JOÃO CAMOSSA
O João foi um dos homens mais inteligentes que conheci. Dos mais cultos. Dos mais sábios.
Não tinha, nem pela humanidade nem por si próprio, uma consideração por aí além. Abominava o doutor Oliveira Salazar e o socialismo, achava que as pessoas se deviam agrupar em pequenos núcleos, já que, nos grandes, o diálogo era impossível. A si próprio atribuía, como ideologia, o “anarco-comunalismo”, coisa mirífica onde as pessoas se deviam dar bem porque se ignorariam quanto pudessem, e onde o Estado se tornaria (quase) desnecessário. Talvez por isso era monárquico, concebida a monarquia como um sistema em que o chefe era próximo porque longínquo, doce, estimado, não estava sujeito às dicussões dos fabricantes delas e só aparecia quando era indispensável, na certeza de que o ideal era que não precisasse de aparecer.
O João leu coisas que ninguém mais leu, sabia coisas que a mais ninguém era dado saber, pensava coisas que ninguém mais pensava.
Por baixo das anedotas que a seu respeito se contavam, talvez por ele incentivadas, escondia-se um ser pensante, quase genial, que raciocinava a galope e chegava a conclusãos que causavam estranheza, inveja, até repulsa à chã farronca do comum dos mortais.

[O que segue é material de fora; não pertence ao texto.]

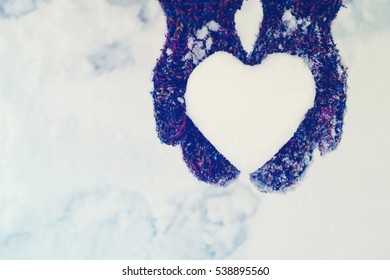 Snow Heart Images Stock Photos Vectors Shutterstock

Fizeram troça dele, abandonaram-no – em boa verdade não sei se foi ele quem abandonou os demais – riram-se dele na rua, das suas barbas grisalhas, dos seus dentes estragados, da sua roupa ridícula. Pior, muitos dos que lhe eram próximos recusaram-lhe a admiração e o respeito que lhe eram devidos. Não, ele não se importava, estava acima disso tudo.

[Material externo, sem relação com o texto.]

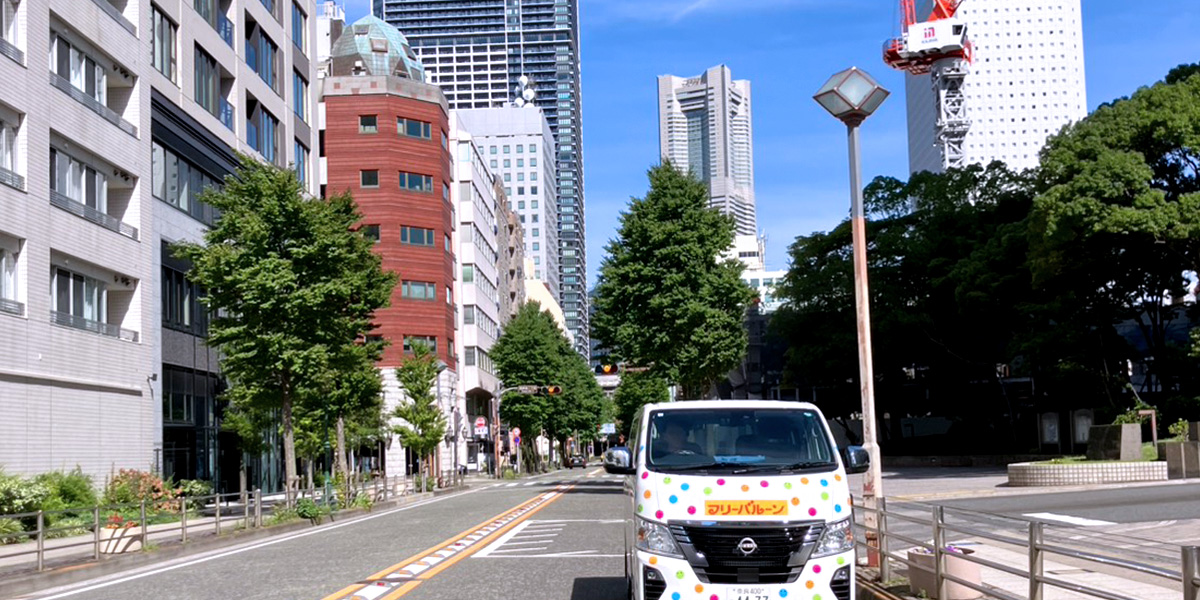 お客様のもとへ向かうフリーバルーンの車 5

Um dia em que passou de advogado a réu num tribunal plenário do salazarismo, apresentou-se de toga no respectivo banco. O juiz insistiu em que a tirasse. Ele acabou por obedecer. Tirou a toga. Estava nu lá por baixo. Vestiu a toga outra vez, por ordem do juiz. Foi preso, mas não por isso.

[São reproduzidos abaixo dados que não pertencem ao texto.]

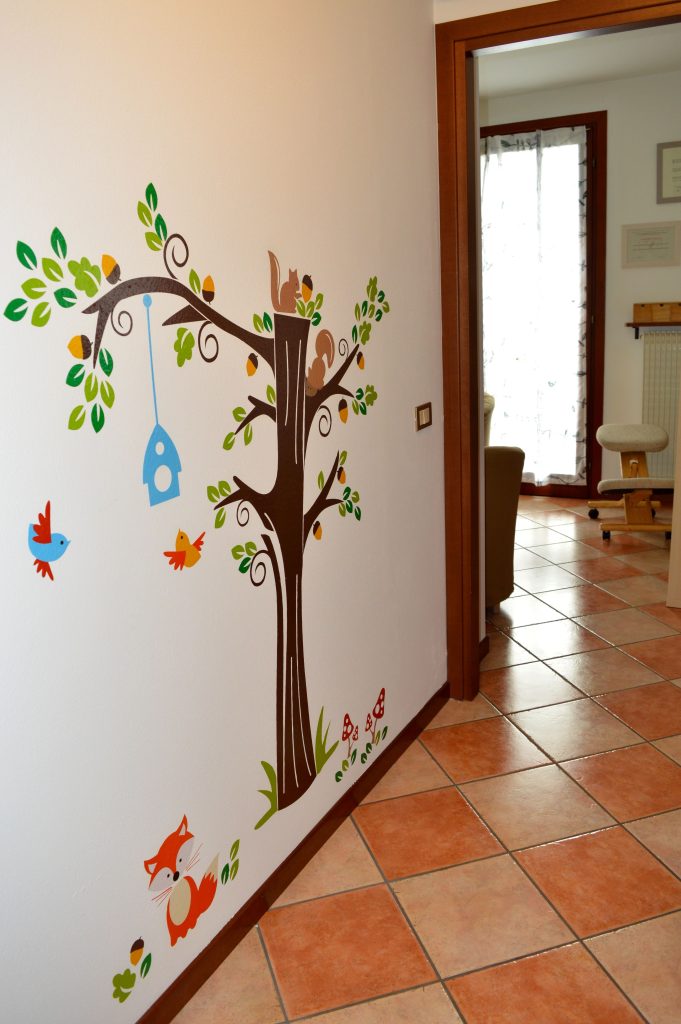 Il corridoio dello studio, con un albero e una volpe disegnati sulla parete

Várias foram as mulheres que por ele se apaixonaram. Nunca quis nenhuma lá em casa. Só a cadela o recebia, sempre alegre e reconhecida, quando, altas horas, ele metia a chave à porta. E se fosse uma mulher? - justificava-se, com uma graça sempre inteligente, mesmo que informada por uma misantropia visceral.
Os seus escritos, que transportava em bolsos imensos, quase a arrastar pelo chão, a contestação de Bernstein e Marx, as críticas ao senhor Soares (Mário), como ele lhe chamava, as suas teses sobre a nacionalidade, os descobrimentos, o miguelismo, sei lá, tudo deve estar perdido. Deve-lhe ter caído dos tais bolsos, já rotos, vítimas da usura e do desleixo.
Há Homens que muito poderiam ter dado, ou deixado, ao seu semelhante. Assim não aconteceu com João Carlos Camossa de Saldanha, não porque não tivesse produzido, e muito, mas porque nunca teve intenção de fazer disso honra.
Acabou os seus dias abandonado por si próprio e por quase todos os que muito lhe deviam, mas “achado” por um Amigo, daqueles que se pensa que já não há. Dos poucos que nunca fizeram troça dele, nem acharam que a sua “originalidade” era um defeito, nem se penduraram na sua argúcia em benefício próprio.
Adeus, João, obrigado pelo que me ensinaste, obrigado por nunca me teres traído, obrigado pelo desprezo a que votaste tanto oportunismo e tanta porcaria que andou à tua volta. Aprendi muito contigo, sabes? Se calhar nunca to disse. Paciência, olha, não sei se valeria a pena, não sei se há muito que valha a pena, para além de poder olhar para o espelho e não sentir vergonha.